Abrams, 46, is a star for many younger Democrats, a group Biden struggled to win over in the primary. And she could help turn Georgia into a genuine swing state. But the highest post she’s ever held is minority leader in the Georgia House of Representatives, a possible vulnerability in a time of crisis.
Paul Maslin, a Democratic pollster based in the battleground state of Wisconsin, said it will be impossible for Biden to please everyone.
“You can ask too much of a vice president pick to bridge everything — ideology, generational gap, gender, race, experience,” he said. “There’s going to be something wrong with every one of these choices.”
New Mexico Gov. Michelle Lujan Grisham is Democrats’ only nonwhite female governor. Former Senate Majority Leader Harry Reid of Nevada has reportedly vouched for his state’s Latina senator, Catherine Cortez Masto. Illinois Sen. Tammy Duckworth is a veteran who lost limbs in combat. She’s of Thai heritage and has notably jousted with President Donald Trump. And Rep. Val Demings, a black congresswoman from the swing state of Florida, helped lead the House impeachment efforts against Trump.

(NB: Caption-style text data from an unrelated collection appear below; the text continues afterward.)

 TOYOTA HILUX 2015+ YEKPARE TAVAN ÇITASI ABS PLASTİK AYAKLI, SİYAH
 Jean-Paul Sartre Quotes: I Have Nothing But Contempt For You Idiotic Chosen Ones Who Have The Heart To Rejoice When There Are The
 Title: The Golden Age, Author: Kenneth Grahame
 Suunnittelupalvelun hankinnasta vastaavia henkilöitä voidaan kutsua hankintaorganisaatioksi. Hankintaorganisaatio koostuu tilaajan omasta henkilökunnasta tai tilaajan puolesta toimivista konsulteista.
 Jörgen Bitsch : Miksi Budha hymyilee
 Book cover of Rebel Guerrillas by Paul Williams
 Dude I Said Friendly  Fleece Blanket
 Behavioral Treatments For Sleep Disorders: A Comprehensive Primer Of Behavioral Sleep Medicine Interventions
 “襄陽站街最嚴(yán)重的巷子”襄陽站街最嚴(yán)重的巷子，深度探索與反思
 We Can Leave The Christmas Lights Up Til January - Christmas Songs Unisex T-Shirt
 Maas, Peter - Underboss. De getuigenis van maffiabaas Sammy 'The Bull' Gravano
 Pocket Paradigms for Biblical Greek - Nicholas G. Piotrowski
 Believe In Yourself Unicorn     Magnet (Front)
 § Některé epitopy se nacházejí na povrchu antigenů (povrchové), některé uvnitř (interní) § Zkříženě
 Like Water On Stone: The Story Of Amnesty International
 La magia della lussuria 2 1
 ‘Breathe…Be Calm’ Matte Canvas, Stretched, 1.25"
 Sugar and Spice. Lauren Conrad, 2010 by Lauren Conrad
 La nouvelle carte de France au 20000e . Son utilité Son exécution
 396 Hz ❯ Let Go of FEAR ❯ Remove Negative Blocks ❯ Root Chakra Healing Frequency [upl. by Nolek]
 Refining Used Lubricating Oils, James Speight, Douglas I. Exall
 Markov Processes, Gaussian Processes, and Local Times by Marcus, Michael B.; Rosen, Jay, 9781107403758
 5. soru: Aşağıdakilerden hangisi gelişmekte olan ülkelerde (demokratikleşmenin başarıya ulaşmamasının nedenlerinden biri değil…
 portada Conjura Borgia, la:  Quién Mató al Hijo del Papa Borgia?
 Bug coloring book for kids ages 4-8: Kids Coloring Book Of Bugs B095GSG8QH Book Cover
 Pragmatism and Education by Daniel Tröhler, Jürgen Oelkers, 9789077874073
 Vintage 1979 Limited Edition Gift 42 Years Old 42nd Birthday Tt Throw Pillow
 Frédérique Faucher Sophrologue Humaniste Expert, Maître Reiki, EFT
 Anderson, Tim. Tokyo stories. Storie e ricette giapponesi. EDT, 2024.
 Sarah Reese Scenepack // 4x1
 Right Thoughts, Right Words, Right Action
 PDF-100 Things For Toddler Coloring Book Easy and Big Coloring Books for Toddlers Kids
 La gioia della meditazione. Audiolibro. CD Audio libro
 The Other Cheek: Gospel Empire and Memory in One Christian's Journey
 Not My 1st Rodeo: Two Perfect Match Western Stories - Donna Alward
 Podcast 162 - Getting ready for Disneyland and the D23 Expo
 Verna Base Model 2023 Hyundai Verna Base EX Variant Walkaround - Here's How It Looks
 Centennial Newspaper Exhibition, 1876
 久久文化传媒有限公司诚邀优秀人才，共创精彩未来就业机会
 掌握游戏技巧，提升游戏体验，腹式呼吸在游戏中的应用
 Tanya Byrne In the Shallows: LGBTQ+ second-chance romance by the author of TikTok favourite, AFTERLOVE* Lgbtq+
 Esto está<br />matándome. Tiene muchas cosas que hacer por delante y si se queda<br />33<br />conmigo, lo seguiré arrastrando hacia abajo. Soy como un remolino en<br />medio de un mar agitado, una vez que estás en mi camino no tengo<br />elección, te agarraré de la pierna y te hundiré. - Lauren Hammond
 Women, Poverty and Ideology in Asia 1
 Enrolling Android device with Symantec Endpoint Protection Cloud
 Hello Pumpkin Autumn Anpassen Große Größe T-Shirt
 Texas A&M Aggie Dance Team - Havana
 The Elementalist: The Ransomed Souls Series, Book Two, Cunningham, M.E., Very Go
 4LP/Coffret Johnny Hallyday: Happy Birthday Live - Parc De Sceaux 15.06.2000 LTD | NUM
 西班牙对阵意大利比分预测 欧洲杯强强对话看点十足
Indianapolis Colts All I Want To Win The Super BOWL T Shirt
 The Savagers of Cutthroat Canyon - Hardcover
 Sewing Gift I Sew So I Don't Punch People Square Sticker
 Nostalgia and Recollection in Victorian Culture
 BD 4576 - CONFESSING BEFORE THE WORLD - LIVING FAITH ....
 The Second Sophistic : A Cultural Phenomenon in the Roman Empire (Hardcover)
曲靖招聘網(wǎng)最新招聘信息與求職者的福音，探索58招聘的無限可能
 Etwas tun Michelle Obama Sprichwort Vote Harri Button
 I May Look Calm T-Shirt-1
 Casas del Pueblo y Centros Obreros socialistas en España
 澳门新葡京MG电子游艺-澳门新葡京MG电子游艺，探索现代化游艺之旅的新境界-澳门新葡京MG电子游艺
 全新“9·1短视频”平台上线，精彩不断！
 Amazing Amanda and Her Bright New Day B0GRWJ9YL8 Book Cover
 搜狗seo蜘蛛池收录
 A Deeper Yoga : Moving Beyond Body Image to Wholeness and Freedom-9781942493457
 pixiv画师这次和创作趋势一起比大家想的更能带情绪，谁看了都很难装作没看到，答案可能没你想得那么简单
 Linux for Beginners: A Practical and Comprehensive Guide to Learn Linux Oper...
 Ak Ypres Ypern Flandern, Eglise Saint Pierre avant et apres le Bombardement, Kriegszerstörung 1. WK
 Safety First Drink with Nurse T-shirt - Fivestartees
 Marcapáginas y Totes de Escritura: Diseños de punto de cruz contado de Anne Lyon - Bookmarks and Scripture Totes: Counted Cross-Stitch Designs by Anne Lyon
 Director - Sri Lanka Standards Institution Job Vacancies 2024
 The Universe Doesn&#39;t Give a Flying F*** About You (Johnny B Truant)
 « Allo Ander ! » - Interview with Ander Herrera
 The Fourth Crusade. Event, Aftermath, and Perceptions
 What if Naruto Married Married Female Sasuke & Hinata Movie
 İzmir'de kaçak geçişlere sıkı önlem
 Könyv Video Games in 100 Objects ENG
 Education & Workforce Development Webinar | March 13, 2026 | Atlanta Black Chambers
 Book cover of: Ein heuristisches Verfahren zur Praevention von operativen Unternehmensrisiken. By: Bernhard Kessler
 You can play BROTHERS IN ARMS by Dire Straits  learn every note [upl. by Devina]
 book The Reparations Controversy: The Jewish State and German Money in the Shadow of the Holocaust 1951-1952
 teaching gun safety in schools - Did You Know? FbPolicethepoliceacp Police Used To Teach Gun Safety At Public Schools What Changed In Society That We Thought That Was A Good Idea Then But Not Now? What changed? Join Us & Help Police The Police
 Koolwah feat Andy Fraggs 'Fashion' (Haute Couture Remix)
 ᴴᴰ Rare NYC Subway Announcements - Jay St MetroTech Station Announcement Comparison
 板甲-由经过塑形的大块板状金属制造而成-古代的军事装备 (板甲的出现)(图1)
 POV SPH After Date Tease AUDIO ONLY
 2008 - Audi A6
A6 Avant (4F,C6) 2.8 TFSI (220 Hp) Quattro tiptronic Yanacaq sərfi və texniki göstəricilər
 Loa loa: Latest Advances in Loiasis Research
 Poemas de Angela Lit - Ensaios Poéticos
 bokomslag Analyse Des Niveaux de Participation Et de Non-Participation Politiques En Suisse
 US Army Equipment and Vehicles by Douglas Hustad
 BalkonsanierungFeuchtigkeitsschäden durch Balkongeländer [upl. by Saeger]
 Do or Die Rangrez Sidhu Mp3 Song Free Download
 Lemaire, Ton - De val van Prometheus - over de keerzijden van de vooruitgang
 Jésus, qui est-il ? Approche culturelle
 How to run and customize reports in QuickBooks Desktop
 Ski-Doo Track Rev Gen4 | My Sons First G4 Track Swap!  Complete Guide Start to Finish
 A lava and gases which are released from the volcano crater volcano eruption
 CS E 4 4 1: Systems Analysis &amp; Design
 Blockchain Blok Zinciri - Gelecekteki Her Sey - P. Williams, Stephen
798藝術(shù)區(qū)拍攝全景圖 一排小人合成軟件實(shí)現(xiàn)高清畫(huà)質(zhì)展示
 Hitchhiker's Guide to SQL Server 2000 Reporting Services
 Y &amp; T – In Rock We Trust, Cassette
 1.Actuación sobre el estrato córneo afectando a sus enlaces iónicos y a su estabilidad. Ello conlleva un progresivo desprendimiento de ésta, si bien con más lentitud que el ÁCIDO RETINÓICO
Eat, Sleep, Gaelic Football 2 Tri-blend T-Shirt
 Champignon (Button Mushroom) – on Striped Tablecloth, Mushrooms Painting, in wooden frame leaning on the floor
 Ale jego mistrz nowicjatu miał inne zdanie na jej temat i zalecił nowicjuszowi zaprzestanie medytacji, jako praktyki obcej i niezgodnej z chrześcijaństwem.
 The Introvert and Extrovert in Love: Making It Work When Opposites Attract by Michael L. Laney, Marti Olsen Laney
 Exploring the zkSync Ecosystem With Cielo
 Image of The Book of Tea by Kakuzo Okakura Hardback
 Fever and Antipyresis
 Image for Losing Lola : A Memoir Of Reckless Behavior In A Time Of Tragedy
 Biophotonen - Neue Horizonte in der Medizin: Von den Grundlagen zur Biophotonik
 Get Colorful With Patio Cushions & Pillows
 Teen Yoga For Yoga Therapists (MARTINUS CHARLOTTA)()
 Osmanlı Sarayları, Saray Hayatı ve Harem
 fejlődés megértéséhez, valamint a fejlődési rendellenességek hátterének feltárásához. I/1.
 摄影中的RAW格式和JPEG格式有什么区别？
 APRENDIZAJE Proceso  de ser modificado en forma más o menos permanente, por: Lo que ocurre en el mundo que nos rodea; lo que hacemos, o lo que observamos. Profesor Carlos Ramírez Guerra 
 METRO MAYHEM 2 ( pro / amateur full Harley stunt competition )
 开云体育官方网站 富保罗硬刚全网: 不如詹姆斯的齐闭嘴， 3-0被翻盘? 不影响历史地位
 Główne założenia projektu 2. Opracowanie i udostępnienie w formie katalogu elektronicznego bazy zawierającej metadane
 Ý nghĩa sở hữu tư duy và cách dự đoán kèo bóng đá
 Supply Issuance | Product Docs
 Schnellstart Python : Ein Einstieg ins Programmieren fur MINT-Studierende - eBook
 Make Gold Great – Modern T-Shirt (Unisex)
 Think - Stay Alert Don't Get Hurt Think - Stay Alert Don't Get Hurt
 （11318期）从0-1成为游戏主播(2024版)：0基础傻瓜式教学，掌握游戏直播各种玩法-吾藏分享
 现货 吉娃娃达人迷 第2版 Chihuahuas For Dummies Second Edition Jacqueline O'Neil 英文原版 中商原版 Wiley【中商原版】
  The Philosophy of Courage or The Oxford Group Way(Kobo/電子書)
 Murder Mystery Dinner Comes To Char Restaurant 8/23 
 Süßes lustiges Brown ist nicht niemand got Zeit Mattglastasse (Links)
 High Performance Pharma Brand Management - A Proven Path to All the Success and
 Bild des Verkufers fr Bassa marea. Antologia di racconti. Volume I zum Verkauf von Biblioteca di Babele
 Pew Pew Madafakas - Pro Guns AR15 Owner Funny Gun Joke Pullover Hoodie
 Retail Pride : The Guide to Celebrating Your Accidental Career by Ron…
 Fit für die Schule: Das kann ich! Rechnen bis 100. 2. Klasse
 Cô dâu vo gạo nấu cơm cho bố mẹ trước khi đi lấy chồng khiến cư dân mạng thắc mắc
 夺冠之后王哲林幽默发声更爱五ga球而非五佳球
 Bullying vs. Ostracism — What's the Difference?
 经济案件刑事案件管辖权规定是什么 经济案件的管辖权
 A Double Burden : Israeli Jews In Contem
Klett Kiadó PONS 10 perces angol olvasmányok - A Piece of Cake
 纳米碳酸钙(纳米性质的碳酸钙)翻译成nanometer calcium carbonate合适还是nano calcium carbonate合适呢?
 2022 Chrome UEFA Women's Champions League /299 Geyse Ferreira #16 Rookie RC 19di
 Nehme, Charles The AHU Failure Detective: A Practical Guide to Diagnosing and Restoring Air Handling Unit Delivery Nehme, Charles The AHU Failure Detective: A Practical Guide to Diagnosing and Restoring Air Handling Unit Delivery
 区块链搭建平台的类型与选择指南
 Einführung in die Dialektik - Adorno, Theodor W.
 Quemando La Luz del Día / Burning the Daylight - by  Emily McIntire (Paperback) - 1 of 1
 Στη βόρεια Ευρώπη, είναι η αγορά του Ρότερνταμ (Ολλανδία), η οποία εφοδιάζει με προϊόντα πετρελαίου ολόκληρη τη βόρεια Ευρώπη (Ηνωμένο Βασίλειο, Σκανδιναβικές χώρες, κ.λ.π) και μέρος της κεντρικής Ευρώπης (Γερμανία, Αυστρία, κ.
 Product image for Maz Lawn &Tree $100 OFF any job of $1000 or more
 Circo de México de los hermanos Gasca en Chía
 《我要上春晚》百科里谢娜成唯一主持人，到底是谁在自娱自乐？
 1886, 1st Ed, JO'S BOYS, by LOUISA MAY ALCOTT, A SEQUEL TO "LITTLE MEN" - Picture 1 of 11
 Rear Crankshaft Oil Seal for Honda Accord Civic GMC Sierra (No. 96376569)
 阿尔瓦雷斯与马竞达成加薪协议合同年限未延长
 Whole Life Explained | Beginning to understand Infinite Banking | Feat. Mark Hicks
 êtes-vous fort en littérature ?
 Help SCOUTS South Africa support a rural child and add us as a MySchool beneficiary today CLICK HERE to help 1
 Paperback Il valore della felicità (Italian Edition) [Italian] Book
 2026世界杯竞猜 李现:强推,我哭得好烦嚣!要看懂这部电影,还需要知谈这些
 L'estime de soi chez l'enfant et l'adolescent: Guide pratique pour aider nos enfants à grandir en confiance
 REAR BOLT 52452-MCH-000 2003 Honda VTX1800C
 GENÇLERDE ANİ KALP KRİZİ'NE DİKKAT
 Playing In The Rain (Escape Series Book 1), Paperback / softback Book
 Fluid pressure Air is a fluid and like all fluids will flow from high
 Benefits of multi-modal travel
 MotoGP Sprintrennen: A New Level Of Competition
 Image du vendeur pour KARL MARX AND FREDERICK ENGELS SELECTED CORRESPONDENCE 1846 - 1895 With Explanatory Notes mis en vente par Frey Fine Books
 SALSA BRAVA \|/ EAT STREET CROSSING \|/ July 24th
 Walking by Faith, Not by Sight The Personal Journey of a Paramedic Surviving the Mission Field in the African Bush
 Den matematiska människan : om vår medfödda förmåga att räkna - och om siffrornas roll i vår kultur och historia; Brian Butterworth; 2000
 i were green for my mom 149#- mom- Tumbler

Yet all four women are relative unknowns nationally.
Biden could go beyond Washington to Gov. Gretchen Whitmer of Michigan, one of the three Great Lakes states that delivered Trump his Electoral College majority in 2016. She’s won plaudits during the pandemic and meshes with Biden’s pragmatic sensibilities, winning her post in 2018 with promises to “fix the damn roads.”
But it’s not clear that a 48-year-old white woman from the Midwest brings Biden advantages he doesn’t already have or can’t find elsewhere.
It’s a similar conundrum for others, including Minnesota Sen. Amy Klobuchar, a former rival who fits seamlessly with Biden’s politics. Massachusetts Sen. Elizabeth Warren, meanwhile, could offer a bridge to progressives, but several Democrats said her age, 70, is a bigger liability than potential policy differences with Biden.
Several African American advocates and progressive leaders said the Democratic ticket’s policies and empathetic appeals are what’s most important.
Black voters “have to trust the messenger,” said Adrianne Shropshire, executive director of Black PAC, and “a black woman could stand up and have moral authority to lead on those big issues facing the country right now.”
But she said that doesn’t mean a white, Asian or Latina vice presidential nominee couldn’t “speak to the systemic issues, the structural issues that allow for inequalities to persist.”
Associated Press writer Thomas Beaumont contributed to this report from Des Moines, Iowa.